A Riser Bar for Bikepacking
One thing that’s great about running a front harness, saddlebag, or roll bag on the Milhouse—or any other high riser bar—is that it keeps the brake levers, controls, and cabling out of the way of the bag itself. For those who’ve used a Sweet Roll with a flat bar and SRAM brakes, you’ll get it. Having to rotate brake levers down at 90° is no fun. The Milhouse’s huge 70mm rise, coupled with the 16° backsweep, keeps all the controls at a comfortably safe distance from the bag.
Another benefit is a slightly lower bag placement. Adjusting your preferred stack to fit with the extra 70mm of rise will likely mean lowering the bars and removing headset spacers. This will effectively lower the bag and its weight, which is a nice little perk in my opinion. However, this may cause an issue with tire/bag clearance, especially if you’re using a suspension fork. With this bike as it’s set up, certain larger diameter bags might be problematic with a suspension fork, considering my preferred low stack.
That leads me to one more point to take into account: whether the added stack from a riser bar will work for your anatomy. Since I built up this Nordest Sardinha II, I’ve been lowering the stem and playing with saddle adjustments trying to dial in the fit. I’m sill not quite there and may need to slam the stem all the way down to the headset to relieve pressure on my hands. I have long legs and a relatively short torso, so my saddle is always a few centimeters above the handlebars. That said, this is a sized up frame for me with a high stack, so it’s a little abnormally challenging to fit. This likely won’t be an issue for most people.
One small gripe I have with the Whisky Milhouse as it pertains to bikepacking is a lack of extra real estate on the clamp area. I wish that Whisky would have added about 5mm of flat space on either side to better accommodate straps.

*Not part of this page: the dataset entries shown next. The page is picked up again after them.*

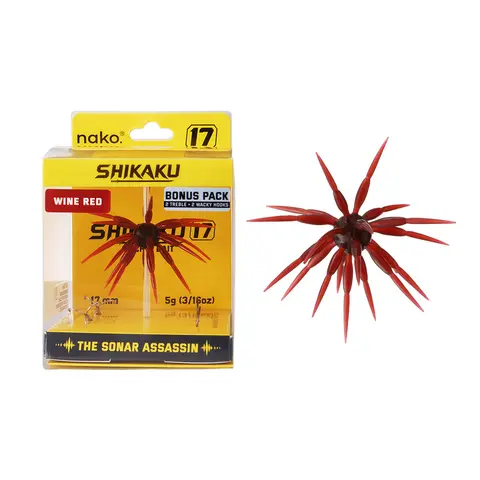 Nako Shikaku 17mm Urchin Shape Fishing Bait, Elastic Rubber with Tentacle Motion for Bottom Fishing, Bonus Hooks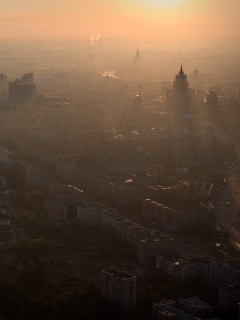 Москва в тумане обои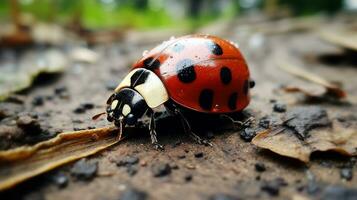 ai généré photo de coccinelle scarabée sur une sol. génératif ai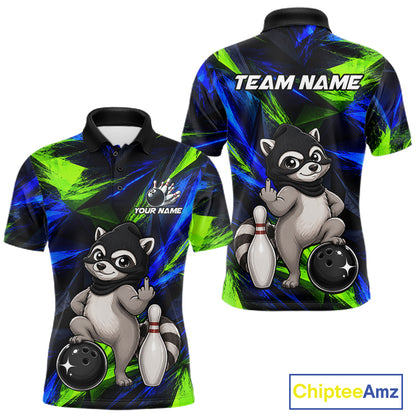 Funny Raccoon Bowling Shirt Bowling League Shirt Custom Team Name For Men NHT1453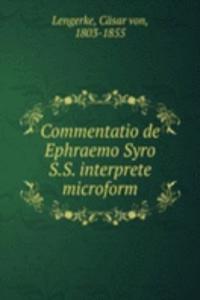 COMMENTATIO DE EPHRAEMO SYRO S.S. INTER
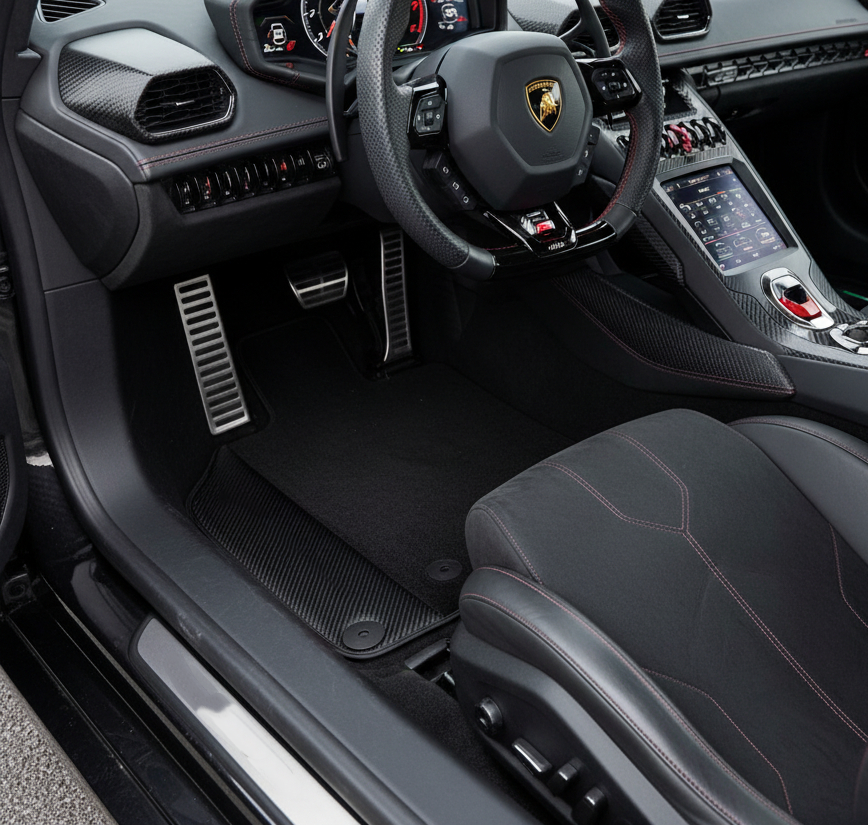 Alfombrillas negras personalizadas para Lamborghini Huracan EVO 2019-2024 con bordes de cuero de fibra de carbono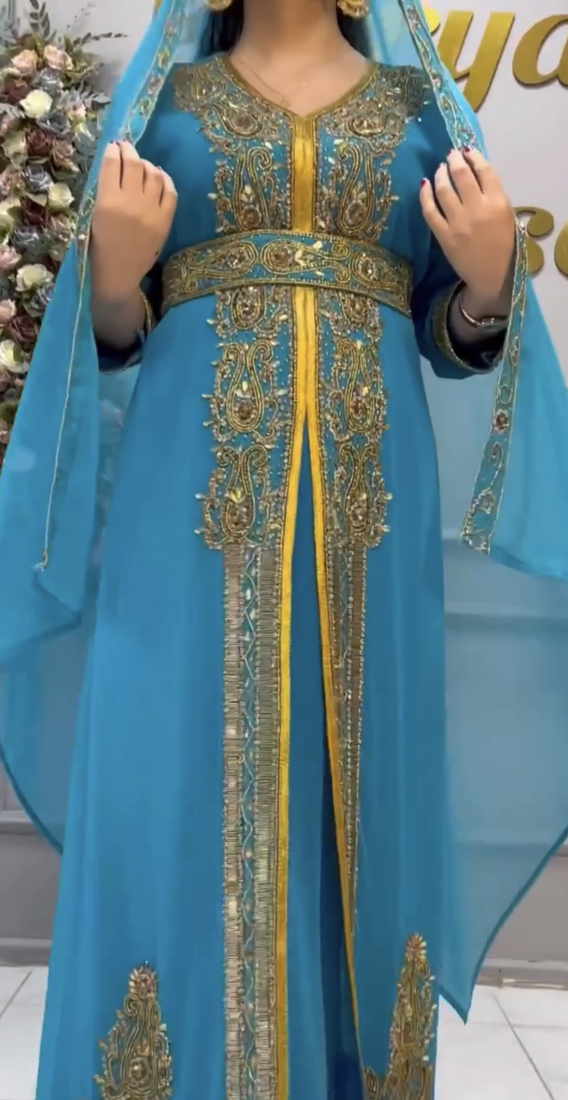  Sky Blue Moroccan Embroidered Stitched Kaftan with Dupatta     Wedding & Party Wear Dress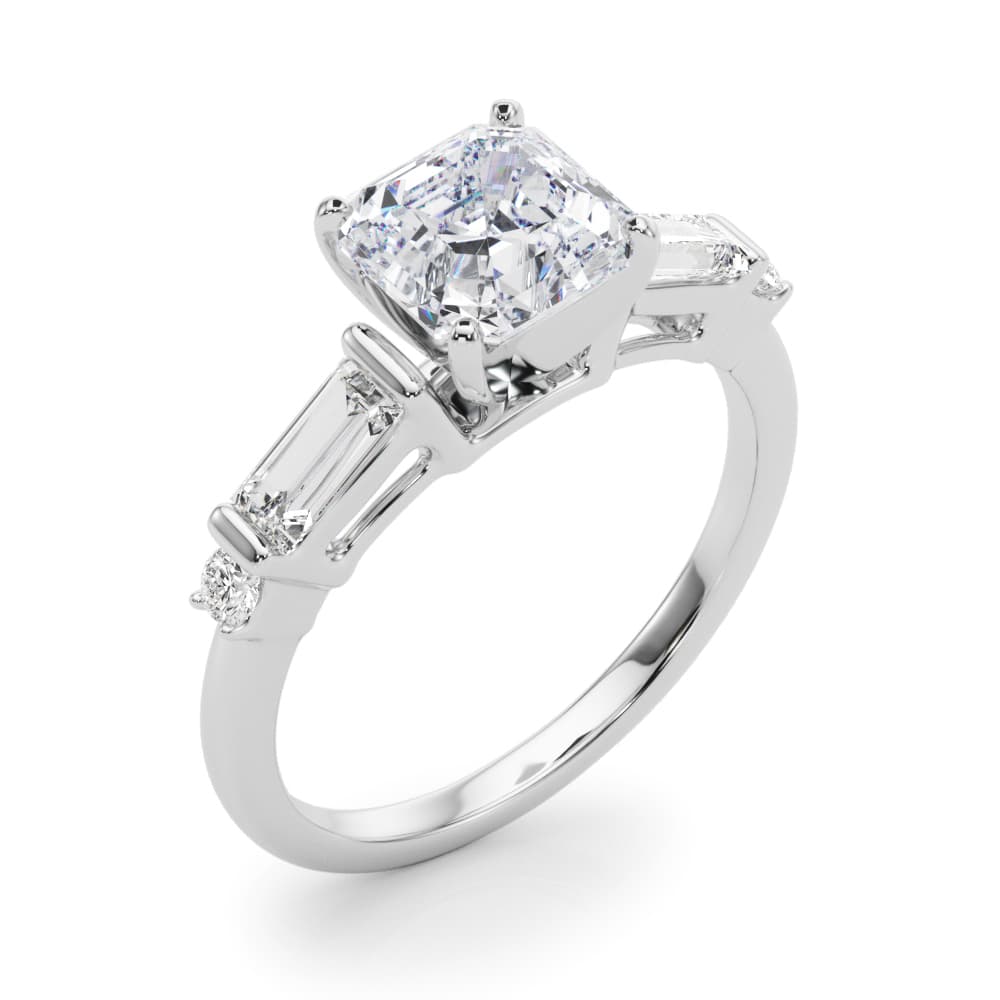 Round & Straight Baguette Engagement Ring, style 85372, Angle view in white gold or platinum
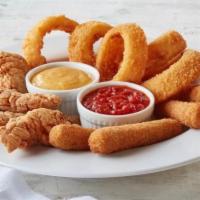 Appetizer Sampler · Mozzarella sticks, onion rings, chicken fingers, and poppers.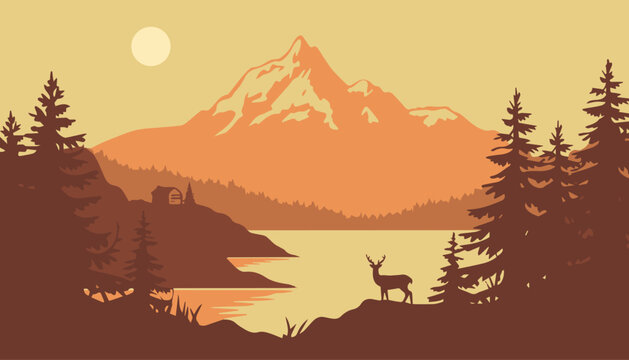 mountain cabin by lake wilderness scene layered silhouettes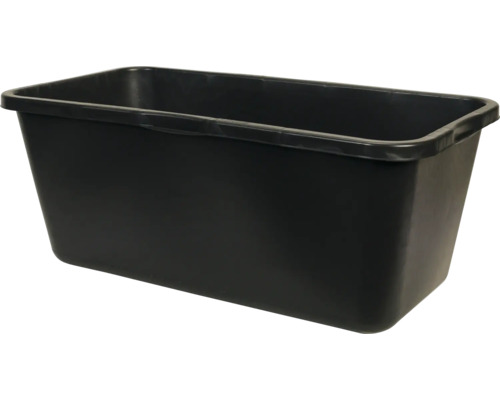 Schwarze Mörtelwanne aus Kunststoff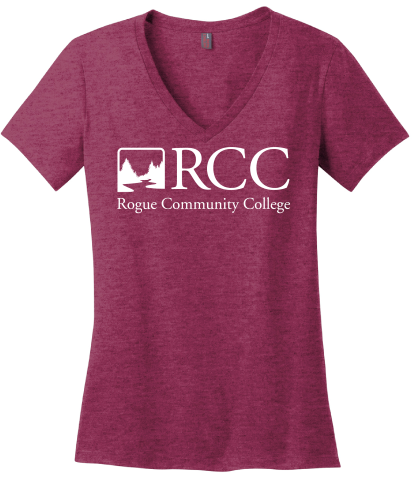 V-Neck RCC Logo Perfect Weight T Loganberry 2XL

To be clear, it works with both the Revelate Harness and Sweet Roll, but only barely. A little more wiggle room would be nice.

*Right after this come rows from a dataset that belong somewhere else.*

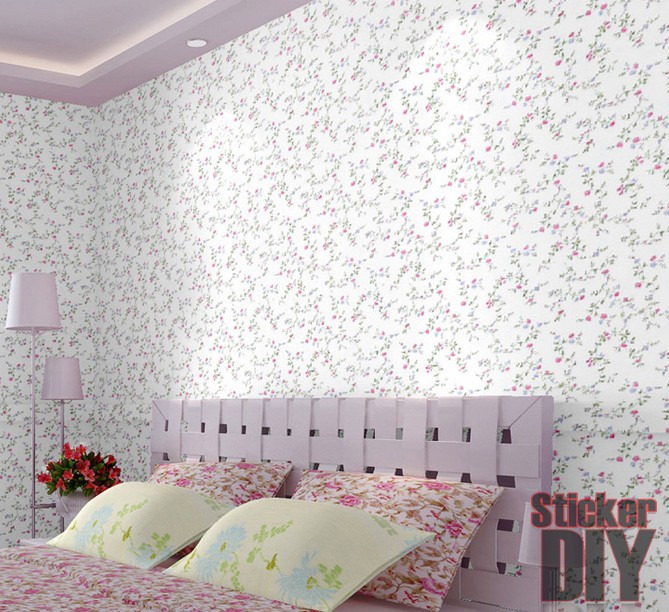 (กว้าง122cm.xยาว5m.) Wallpaper sticker วอลเปเปอร์แบบกาวในตัว ลายดอกช่อเล็ก สีชมพู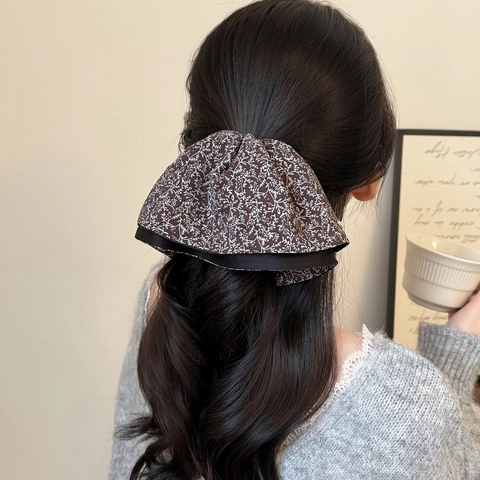 Vintage Blumen Schleife Haarklammer Koreanischer Stil Stoff Pferdeschwanz Halter Mit Strass Elegante Haarschmuck Für Damen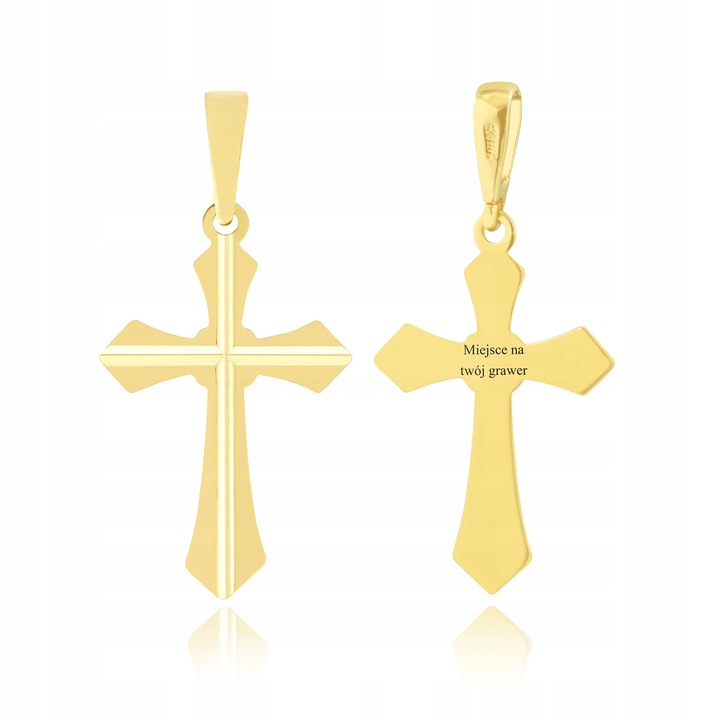 ZŁOTY ŁAŃCUSZEK KOMUNIJNY PR. 925 585 WISIOREK KRZYŻYK DLA CHŁOPCA + GRAWER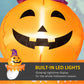 Inflatable pumpkin-face ghost with purple hat and “Trick or Treat” banner, built-in LED lights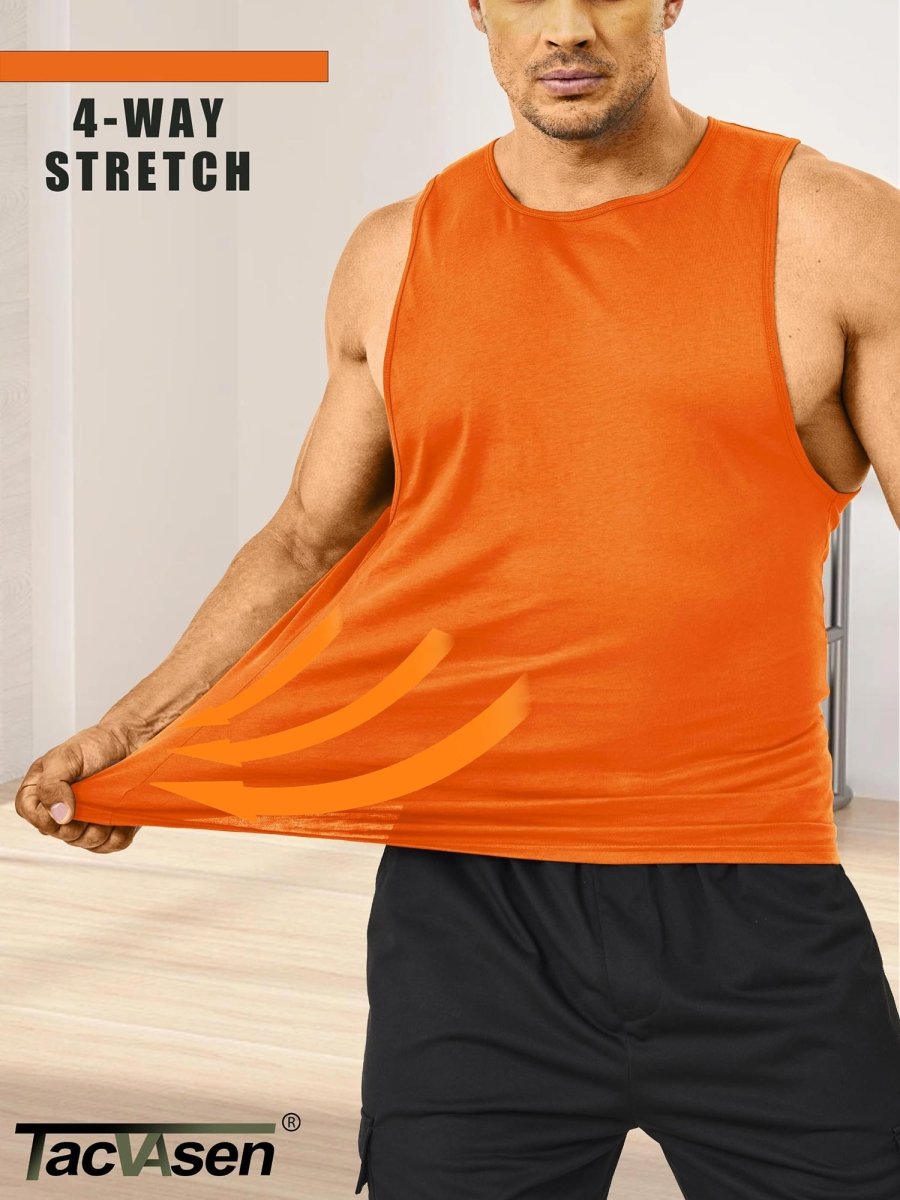 TACVASEN Orange Men's Tank Tops Cotton Sleeveless Wide-Armhole Shirt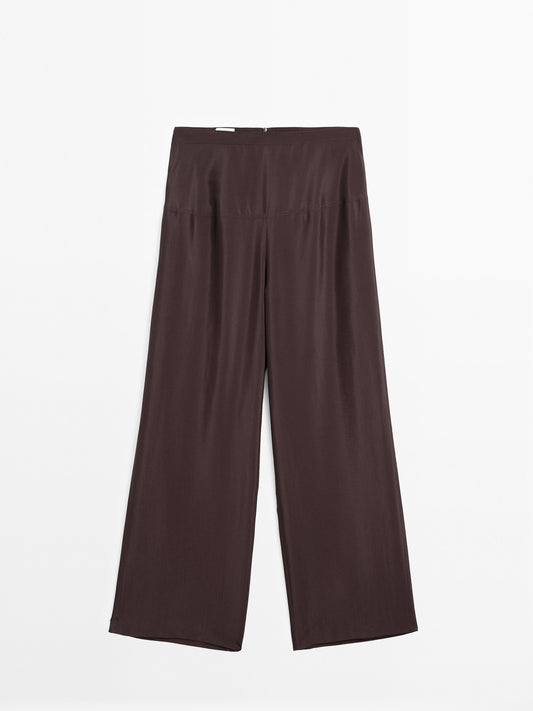 Flowing satin corset belt trousers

- Wide stance and 16° backsweep feel perfect, particularly when wrenching up hills, out of the saddle
- Provides just enough flex and vibration dampening
- Large rise and moderate backsweep keep levers and controls out of the way of front bag
- Very lightweight (over a pound lighter than some chromoly moto-riser bars!)

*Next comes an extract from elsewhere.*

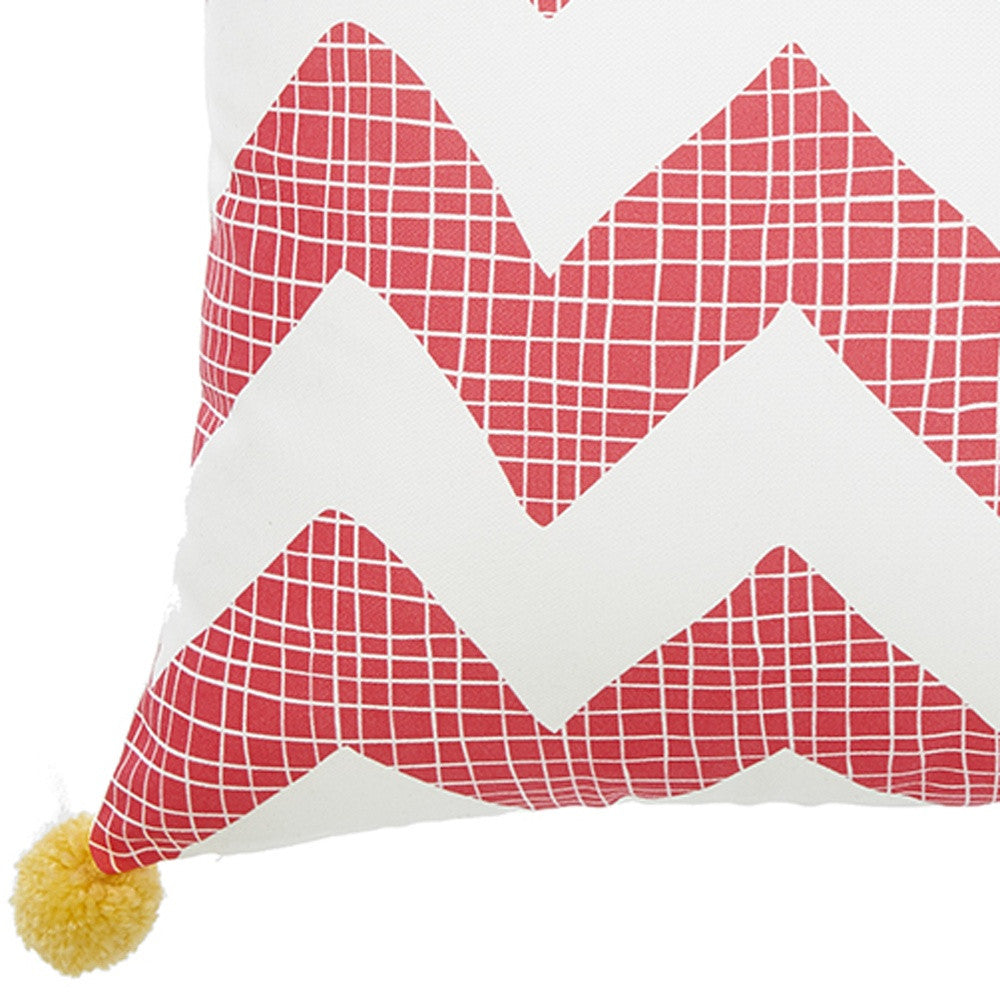 18" Pink and White Chevron Throw Pillow Cover With Pompoms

- Added stack might be too much for some people (and tricky for bike fit)
- I wish there was a hair more real estate in flat/clamp area
- Pricey when compared to chromoly and aluminum bars
- Width: 825mm
- Upsweep: 8°
- Backsweep: 16°
- Rise: 70mm
- Clamp Diameter: 31.8mm
- Weight (actual, uncut): 286g
- Price: $215 USD
- Manufacturer’s Details: WhiskyParts.com
It’s hard to beat handlebars with a little extra rise and sweep for bikepacking. Not only can this improve the riding position for most folks, it also keeps the brake levers and cables out of the way of the typical front bag set up. For my preference, Whisky nailed the backsweep with the Milhouse, and it seems to have the right construction to give it a nice feel for added comfort. I wish they would have added a little more space on the flat clamp area of the bar, but it works with the bags I tried.
Overall, it’s a really nice bar with a significant price tag. But if you’re looking to shave off some weight, add a bit of rise and back sweep, and increase the comfort level of your cockpit, it might be worth the investment. I only have about five rides on it at this point, so I’ll be sure to update this review down the road once I put some more miles on it.